YOUR OBJECTIVE:
If an entry below holds a picture, leave the picture out and print the rest exactly.

======== RECORDS TO USE ========

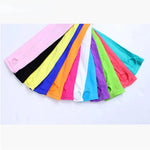 Girls Candy Color Warm Nylon Kids Leggings Pantyhose Stockings Dance Tights - DancerInn - 26423514038455 - 26423514038455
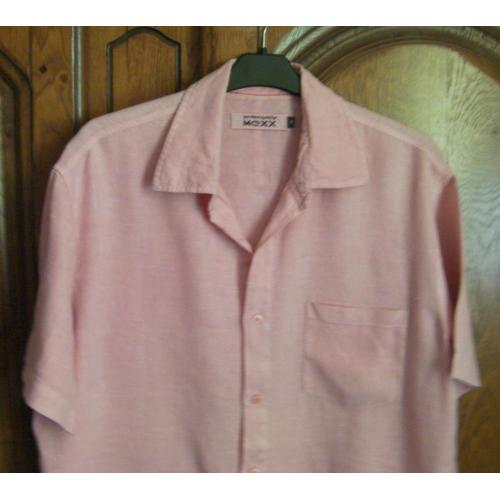 Chemise Rose Marque Mexx - Taille M/L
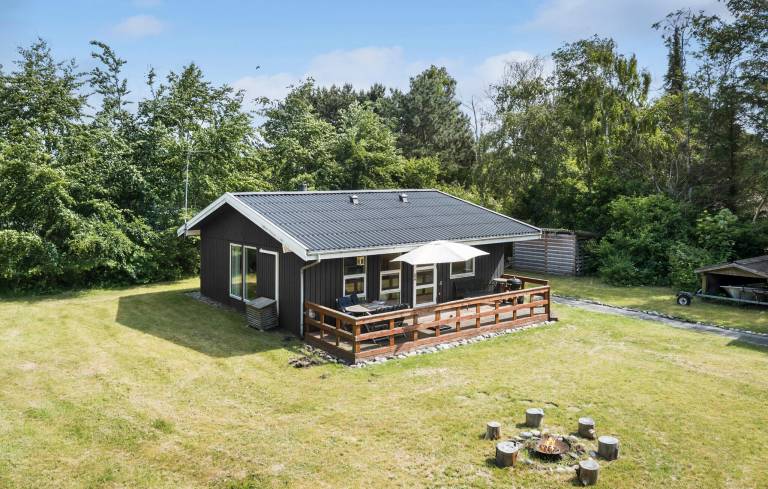 Ferienhaus in Sjællands Odde, Yderby f&uuml;r max. 4 Personen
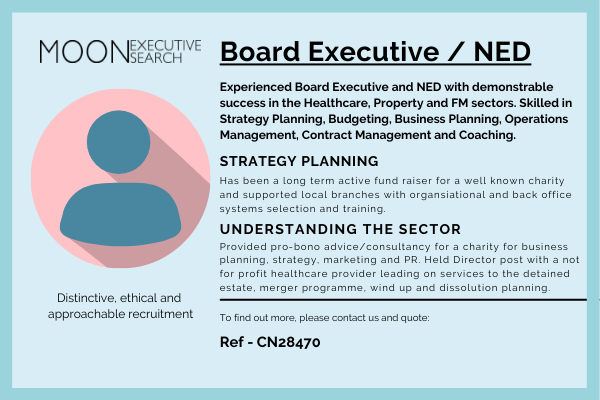Board Executive / NED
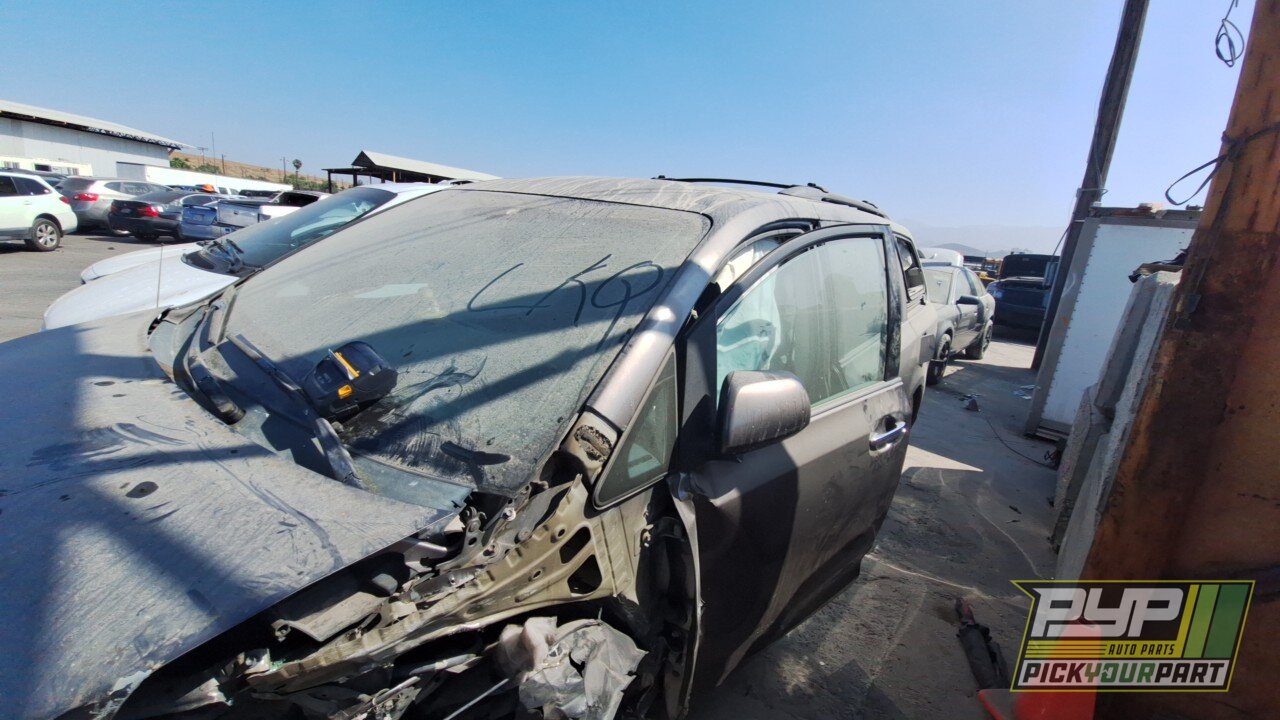 Photo of 2013 Toyota Sienna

========

YOUR SOLUTION:
 Girls Candy Color Warm Nylon Kids Leggings Pantyhose Stockings Dance Tights - DancerInn - 26423514038455 - 26423514038455
 Chemise Rose Marque Mexx - Taille M/L
 Ferienhaus in Sjællands Odde, Yderby f&uuml;r max. 4 Personen
Board Executive / NED
 Photo of 2013 Toyota Sienna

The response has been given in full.